Renaud Barbosa da Silva, professor da Ebape/FGV, diz que a maior movimentação de cargas é reflexo de um problema estrutural do país, cuja pauta de exportações é de itens de baixo valor agregado.

— Soja, minério e milho são exportados em grandes volumes. Mas em termos qualitativos isso não significa nada. O Brasil devia exportar itens de maior valor agregado — afirma Silva.

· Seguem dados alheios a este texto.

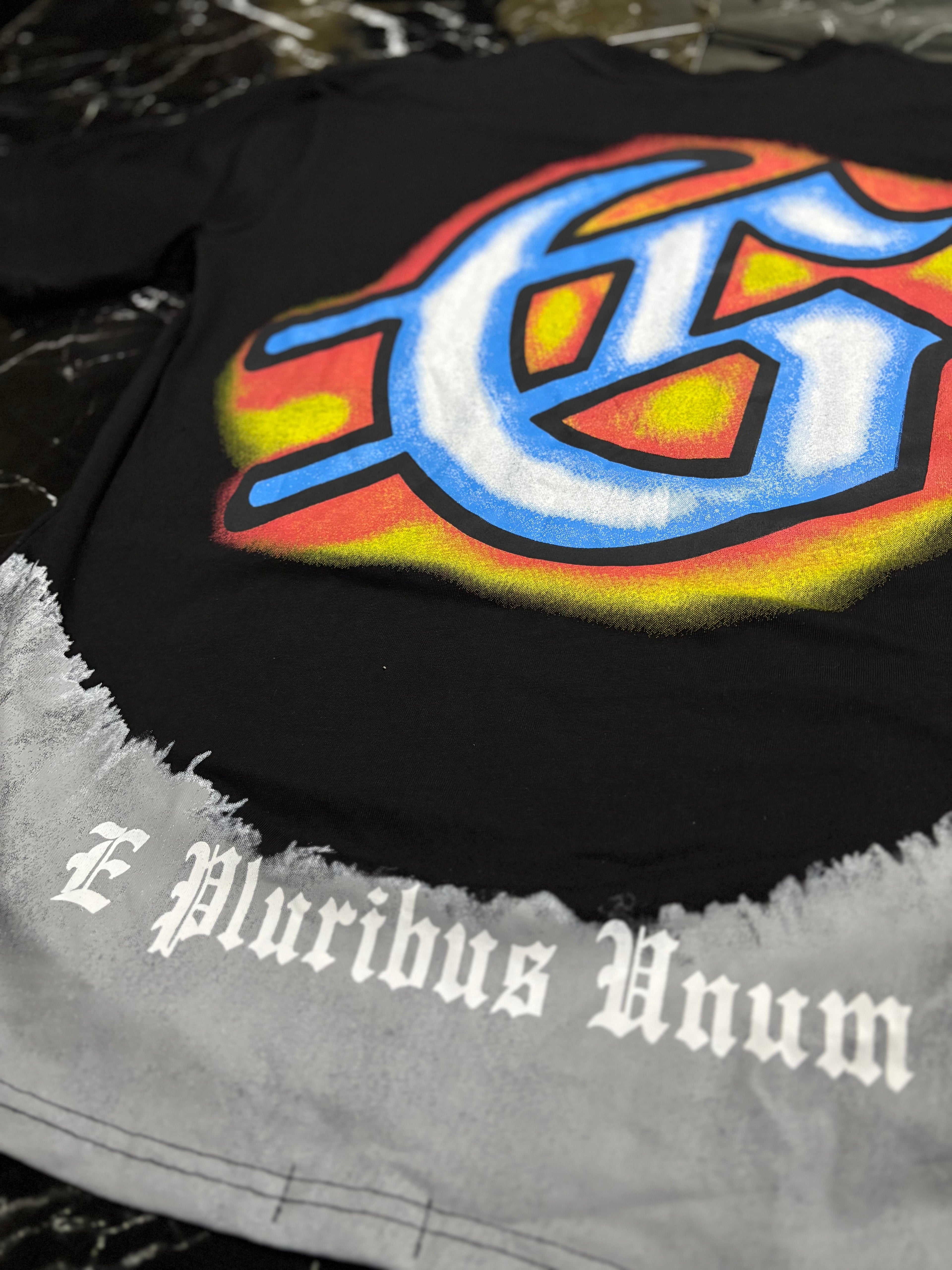 Godspeed playera pitbull (G)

Especialistas citam ainda a Lei dos Portos, que possibilitou a renovação antecipada do contrato de quem já operava nas áreas administradas pelo governo e permitiu aos terminais privados movimentar cargas de terceiros. Altair Ferreira Filho, do Departamento de Engenharia do Ibmec/RJ, ressalta que houve modernização em vários terminais:

— Isso melhorou a cabotagem, ajudando na movimentação de cargas. Além disso, pesa o custo elevado do transporte rodoviário. Mas ainda estamos colhendo os frutos de maiores vendas de produtos sem valor agregado, beneficiados pelo dólar. Não podemos ficar satisfeitos com isso.

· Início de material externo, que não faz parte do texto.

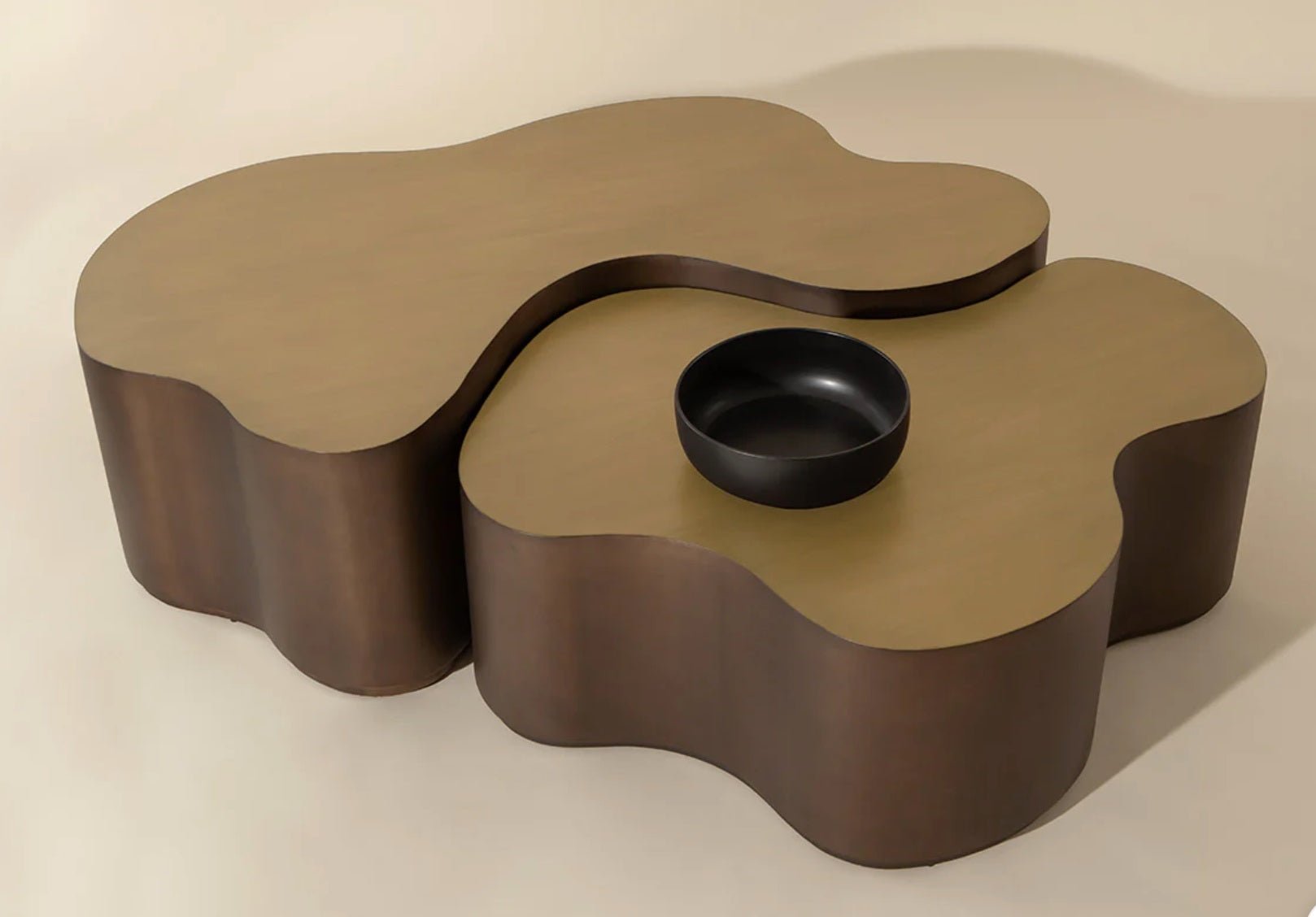 MESA DE CENTRO BOISE - VERANDA INTERIORES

Roberto Teller, diretor-geral da Libra Terminais de Santos, grupo que também opera no Rio, explica que o setor de granéis vai bem graças às exportações de soja, arroz e milho. Já no segmento de contêineres há maior competição: a oferta aumentou mais que a demanda.

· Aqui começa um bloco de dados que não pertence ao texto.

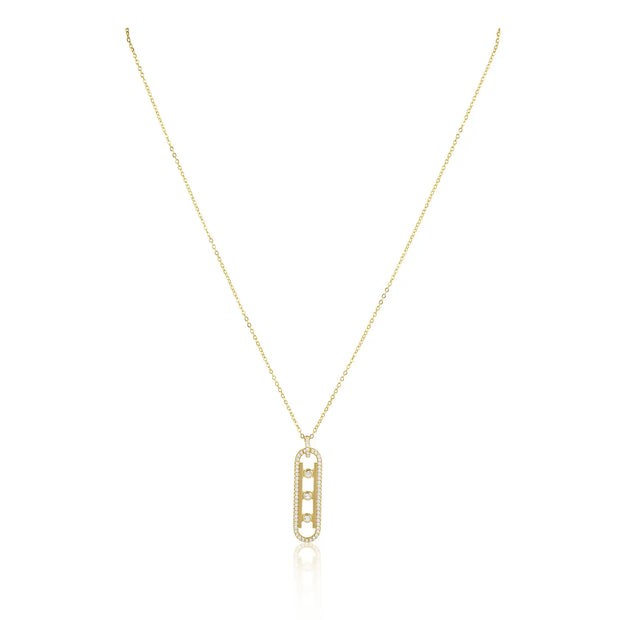 Kendra Pendant Necklace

— Com mais concorrência, os preços tendem a cair. Para melhorar a infraestrutura e a produtividade, a Libra Terminais investiu R$ 500 milhões no Rio. Em Santos, vamos investir R$ 750 milhões até 2035, sendo R$ 450 milhões nos próximos três anos — diz Teller. FINANCIAMENTO É ENTRAVE PARA CRESCER Além disso, em dezembro, serão licitadas quatro áreas nos portos de Santos e Pará, com expectativa de arrecadação de R$ 1,1 bilhão, todas para transporte de commodities como soja e celulose. Segundo o ministro da Secretaria dos Portos, o governo ainda pretende lançar, ainda neste ano, um edital para mais quatro áreas — três em Belém e uma no Pará — a fim de arrecadar outro R$ 1 bilhão.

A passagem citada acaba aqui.